■ Exercise objective
All pictures are to be excluded when the data below is output verbatim.

■ Provided data
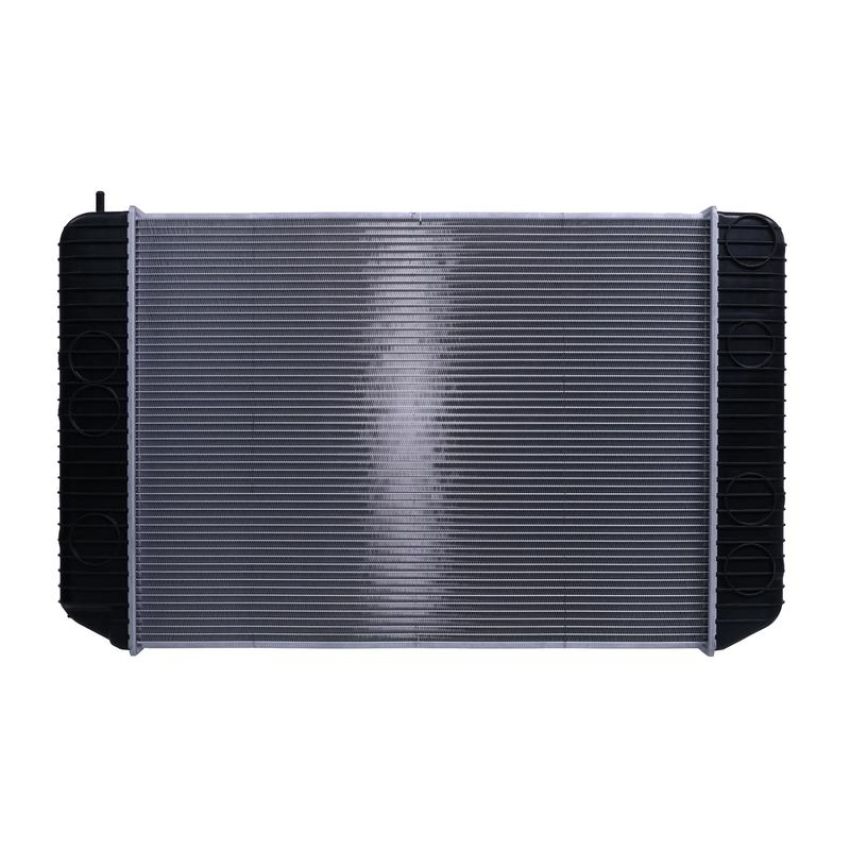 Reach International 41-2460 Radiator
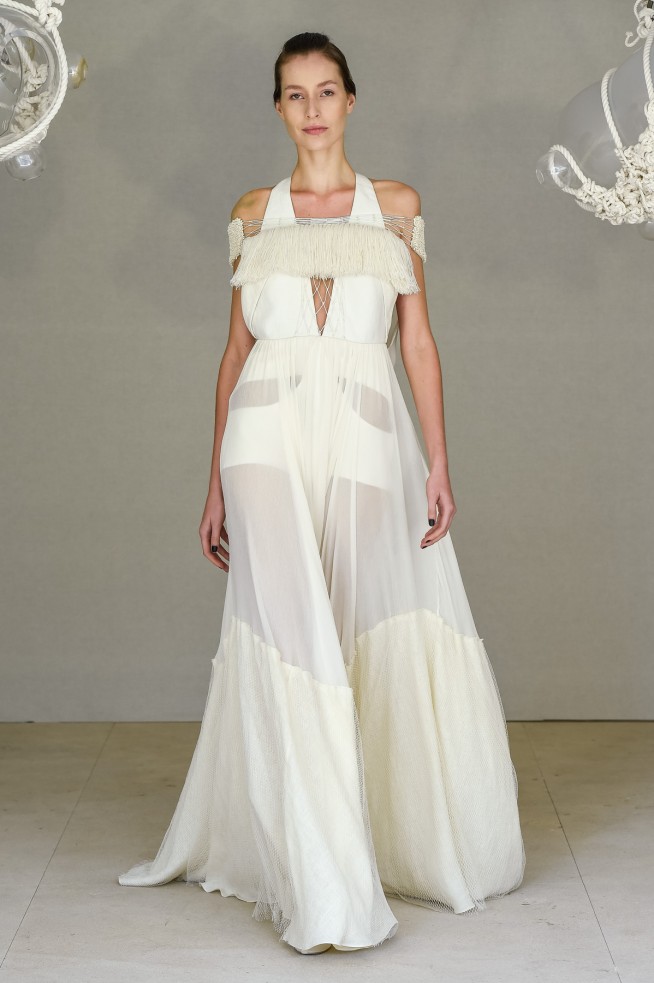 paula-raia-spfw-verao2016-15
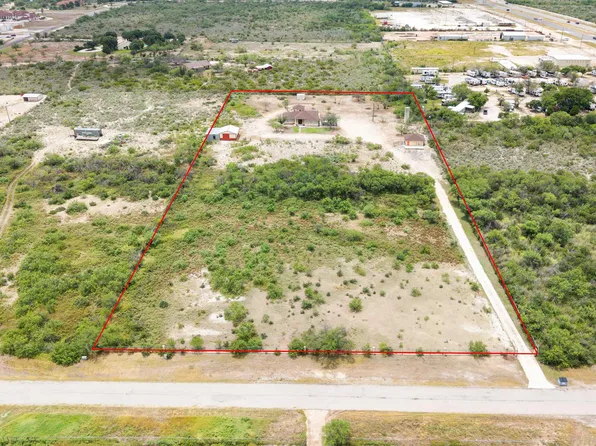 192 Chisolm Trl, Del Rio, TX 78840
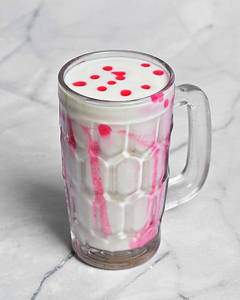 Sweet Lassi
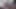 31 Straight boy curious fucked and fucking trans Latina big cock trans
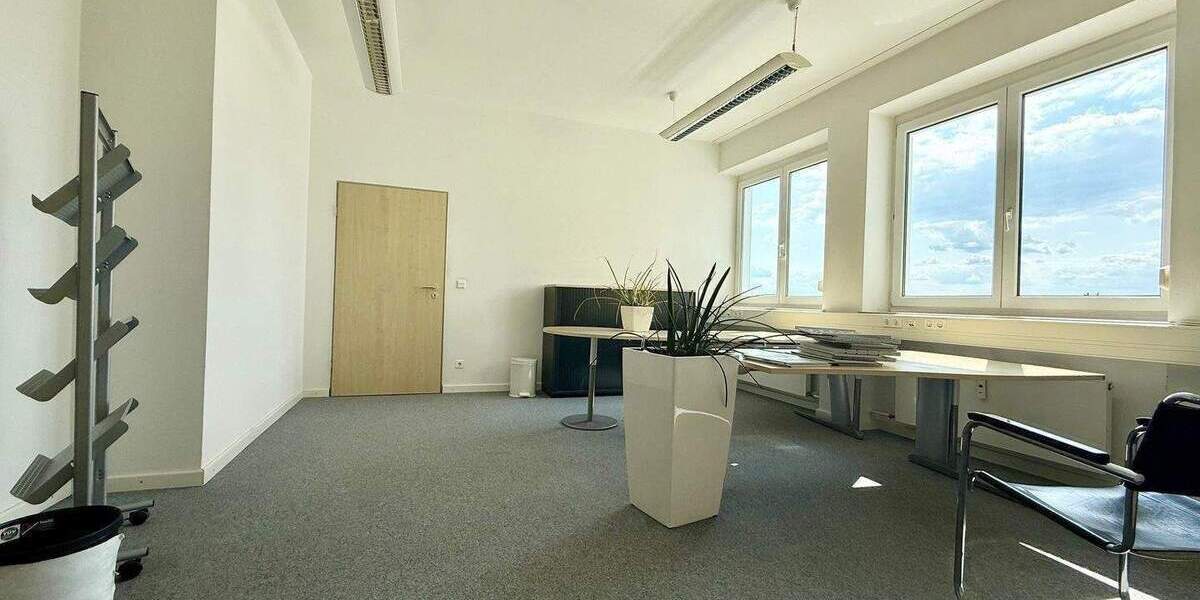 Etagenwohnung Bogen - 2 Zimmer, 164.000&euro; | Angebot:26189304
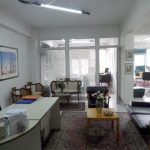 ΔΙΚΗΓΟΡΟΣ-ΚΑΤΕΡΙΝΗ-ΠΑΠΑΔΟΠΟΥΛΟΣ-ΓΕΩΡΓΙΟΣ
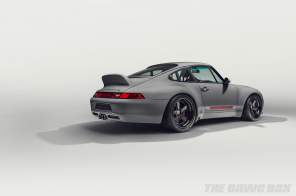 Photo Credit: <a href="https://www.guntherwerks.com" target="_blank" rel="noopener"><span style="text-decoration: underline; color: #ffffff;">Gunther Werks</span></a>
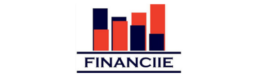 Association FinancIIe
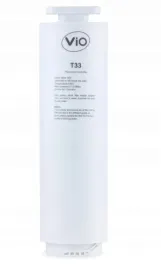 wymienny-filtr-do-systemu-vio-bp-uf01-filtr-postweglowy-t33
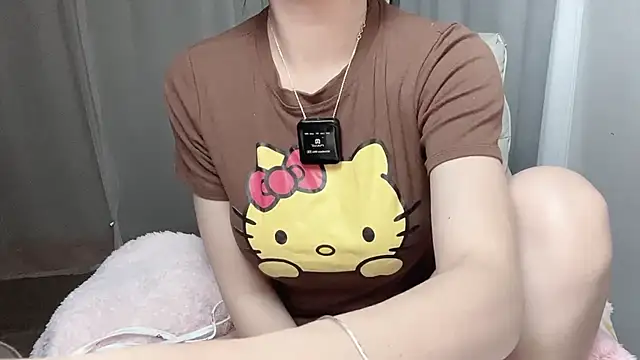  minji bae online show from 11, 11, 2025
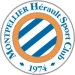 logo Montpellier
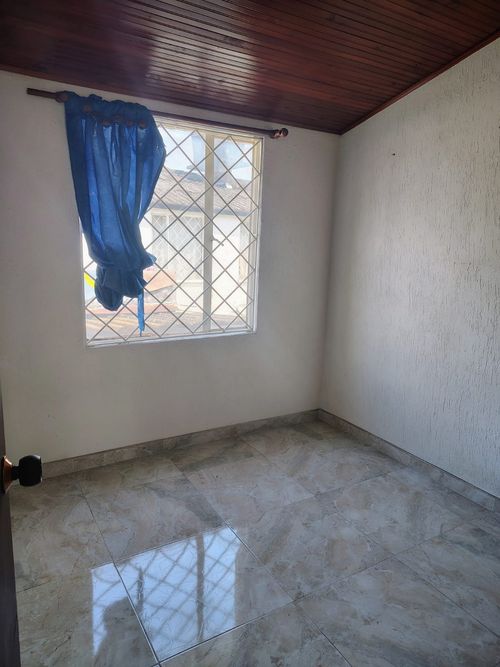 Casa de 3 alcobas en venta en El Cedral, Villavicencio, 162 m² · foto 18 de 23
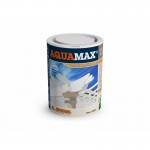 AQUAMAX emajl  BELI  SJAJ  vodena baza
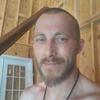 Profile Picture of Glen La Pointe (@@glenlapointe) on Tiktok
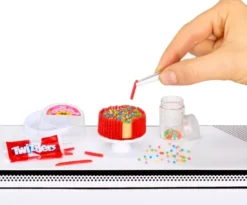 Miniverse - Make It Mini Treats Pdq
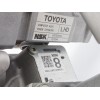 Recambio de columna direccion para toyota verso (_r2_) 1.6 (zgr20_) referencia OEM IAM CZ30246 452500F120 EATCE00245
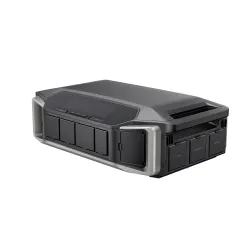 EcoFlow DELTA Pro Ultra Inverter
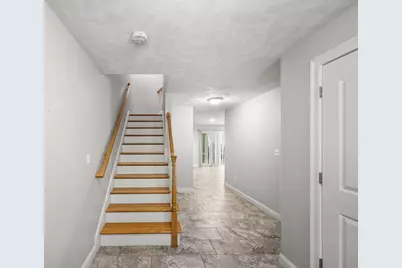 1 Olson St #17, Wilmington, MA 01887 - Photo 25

■ Reply
 Reach International 41-2460 Radiator
 paula-raia-spfw-verao2016-15
 192 Chisolm Trl, Del Rio, TX 78840
 Sweet Lassi
 31 Straight boy curious fucked and fucking trans Latina big cock trans
 Etagenwohnung Bogen - 2 Zimmer, 164.000&euro; | Angebot:26189304
 ΔΙΚΗΓΟΡΟΣ-ΚΑΤΕΡΙΝΗ-ΠΑΠΑΔΟΠΟΥΛΟΣ-ΓΕΩΡΓΙΟΣ
 Photo Credit: <a href="https://www.guntherwerks.com" target="_blank" rel="noopener"><span style="text-decoration: underline; color: #ffffff;">Gunther Werks</span></a>
 Association FinancIIe
 wymienny-filtr-do-systemu-vio-bp-uf01-filtr-postweglowy-t33
  minji bae online show from 11, 11, 2025
 logo Montpellier
 Casa de 3 alcobas en venta en El Cedral, Villavicencio, 162 m² · foto 18 de 23
 AQUAMAX emajl  BELI  SJAJ  vodena baza
 Profile Picture of Glen La Pointe (@@glenlapointe) on Tiktok
 Miniverse - Make It Mini Treats Pdq
 Recambio de columna direccion para toyota verso (_r2_) 1.6 (zgr20_) referencia OEM IAM CZ30246 452500F120 EATCE00245
 EcoFlow DELTA Pro Ultra Inverter
 1 Olson St #17, Wilmington, MA 01887 - Photo 25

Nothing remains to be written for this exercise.